[Items from a dataset]
• • • • • • •
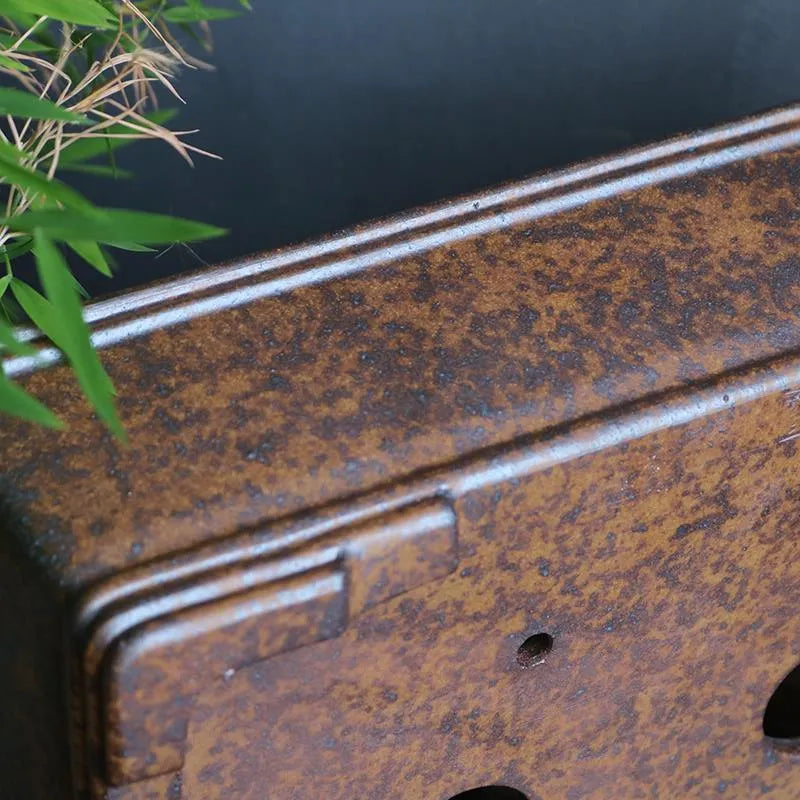 A rectangular purple sand bonsai pot with a linear firewood burning pattern, shown in two sizes.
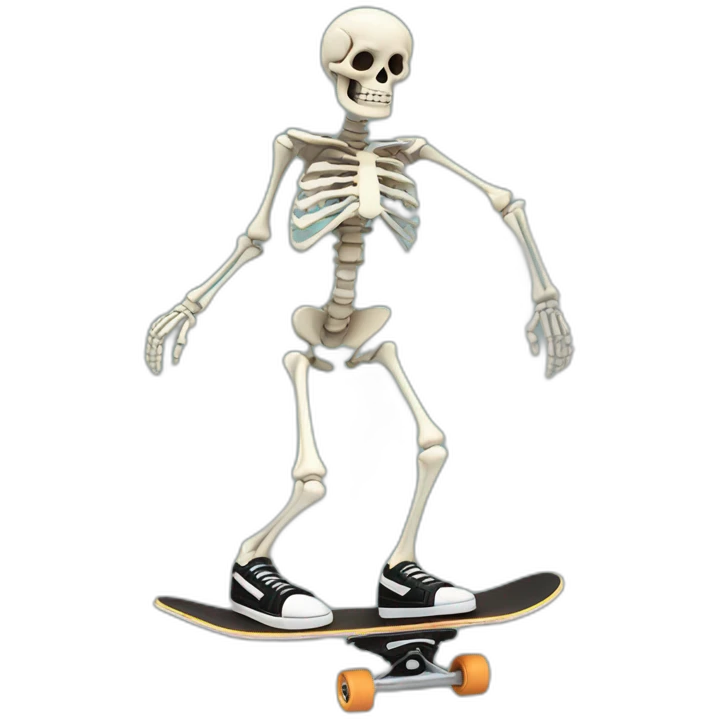 skeleton on frie skateing on skate and making kickflip emoji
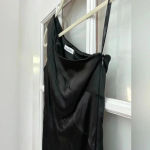 Calvin Klein Classic Black One Shoulder Satin Timeless Formal Party Dress Size 2 Photo 1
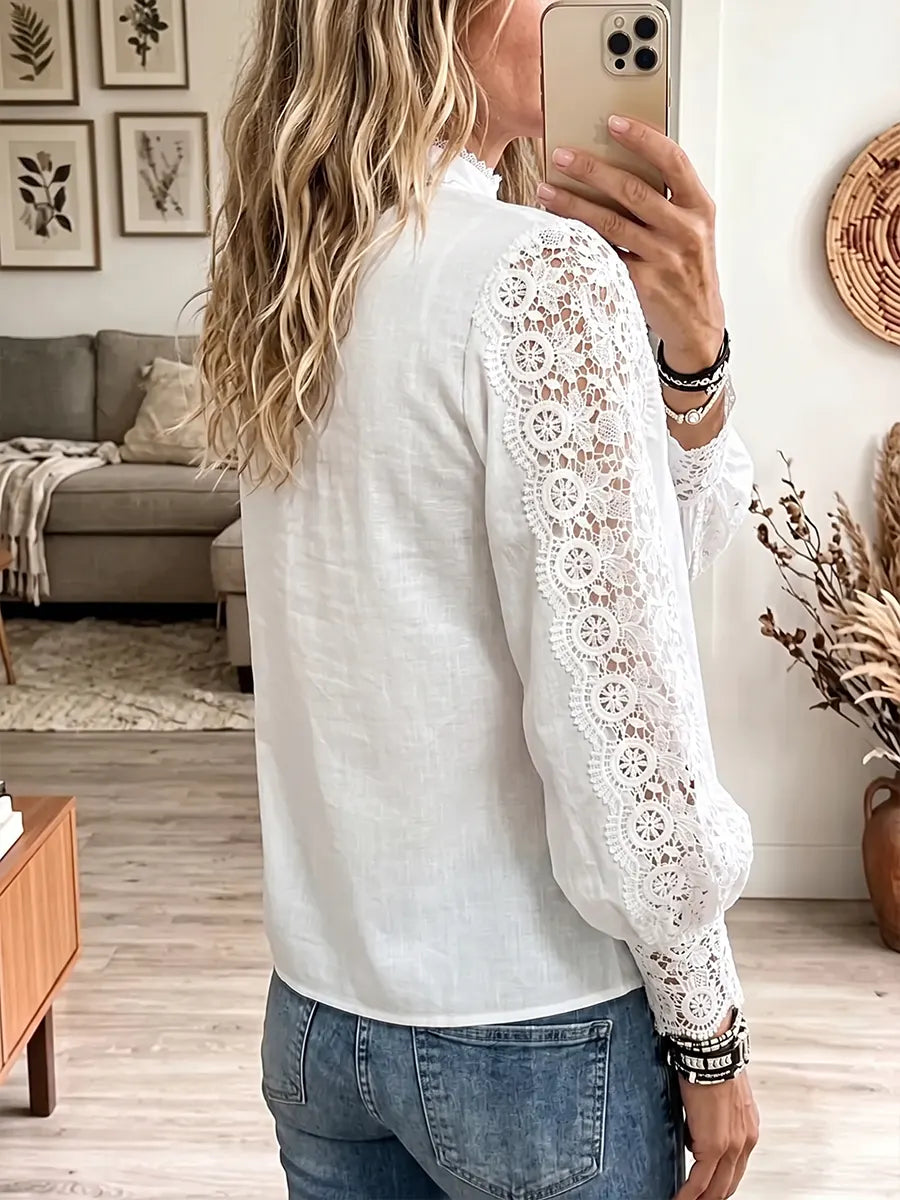 Vintage Elegant Patchwork Openwork Lace Shirt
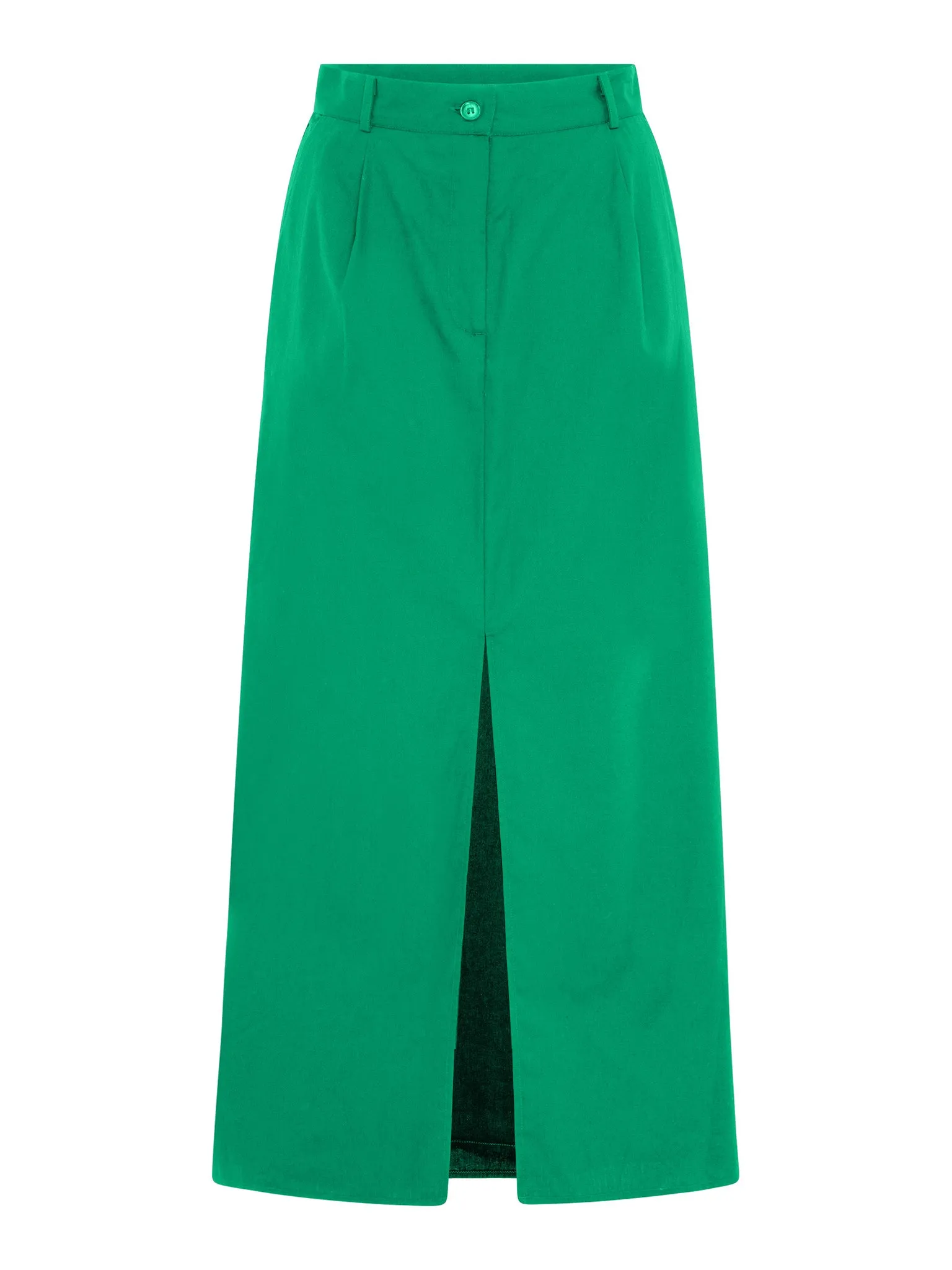 Olive A Line Midi Skirt in Green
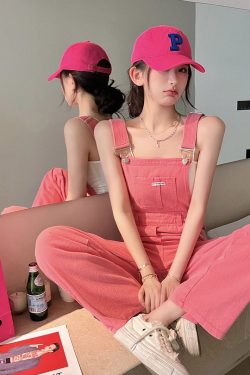 Vintage Cotton Elegant Pink Denim Jumpsuit Women Sleeveless Fashion Hipster Casual High Street Wide Leg Overalls Outfits Romper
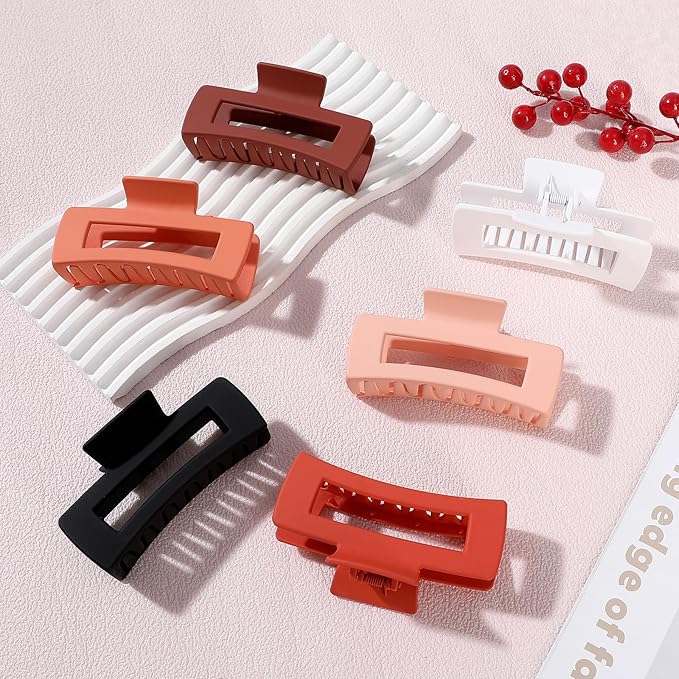 4 Inch Big Hair Claw Clips 6 Pcs Large Claw for Thick Hair Square Hair Clips for Women Rectangle Hair Clips Nonslip Acrylic Banana Jaw Clips Hair Accessories for Girls (Orange)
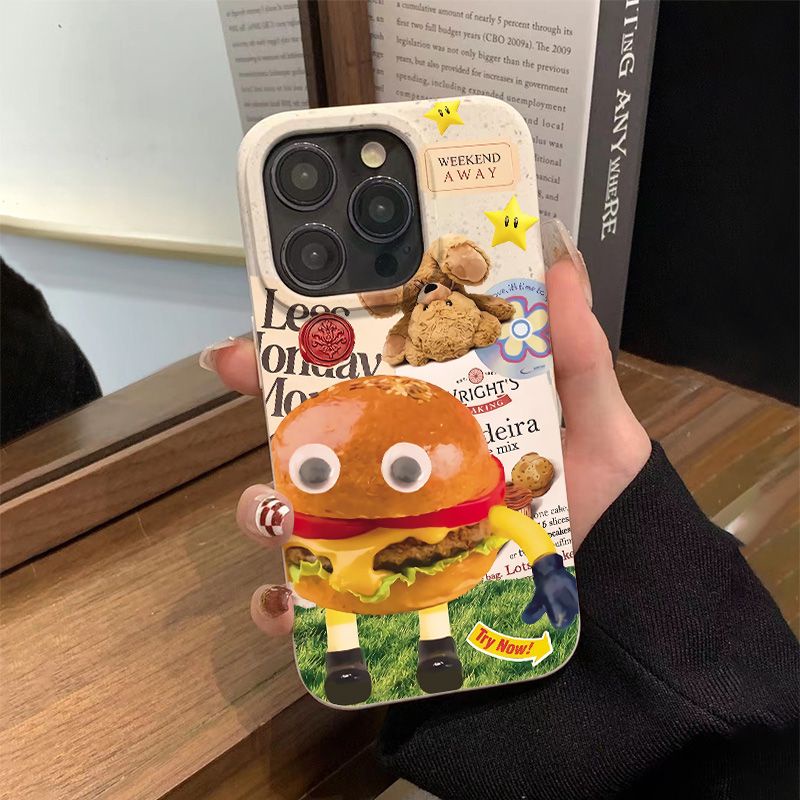 Ốp Điện Thoại Dẻo Họa Tiết Bánh Burger Đơn Giản Vui Nhộn Chống Sốc Cho Iphone12max13 8 14pro7 plus11 Apple 0PIQ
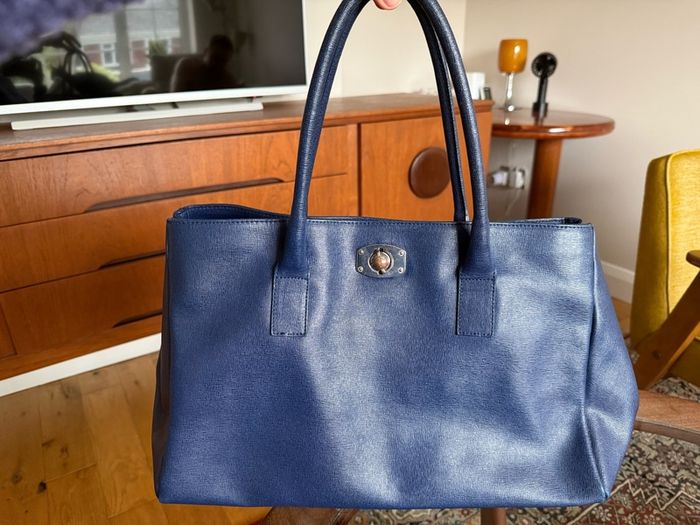 Furla Navy Blue Saffiano Leather Tote Bag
• • • • • • •
YOUR ASSIGNMENT:
An exact copy of each entry is required, minus the pictures.

RESPONSE AREA:
 A rectangular purple sand bonsai pot with a linear firewood burning pattern, shown in two sizes.
 skeleton on frie skateing on skate and making kickflip emoji
 Calvin Klein Classic Black One Shoulder Satin Timeless Formal Party Dress Size 2 Photo 1
 Vintage Elegant Patchwork Openwork Lace Shirt
 Olive A Line Midi Skirt in Green
 Vintage Cotton Elegant Pink Denim Jumpsuit Women Sleeveless Fashion Hipster Casual High Street Wide Leg Overalls Outfits Romper
 4 Inch Big Hair Claw Clips 6 Pcs Large Claw for Thick Hair Square Hair Clips for Women Rectangle Hair Clips Nonslip Acrylic Banana Jaw Clips Hair Accessories for Girls (Orange)
 Ốp Điện Thoại Dẻo Họa Tiết Bánh Burger Đơn Giản Vui Nhộn Chống Sốc Cho Iphone12max13 8 14pro7 plus11 Apple 0PIQ
 Furla Navy Blue Saffiano Leather Tote Bag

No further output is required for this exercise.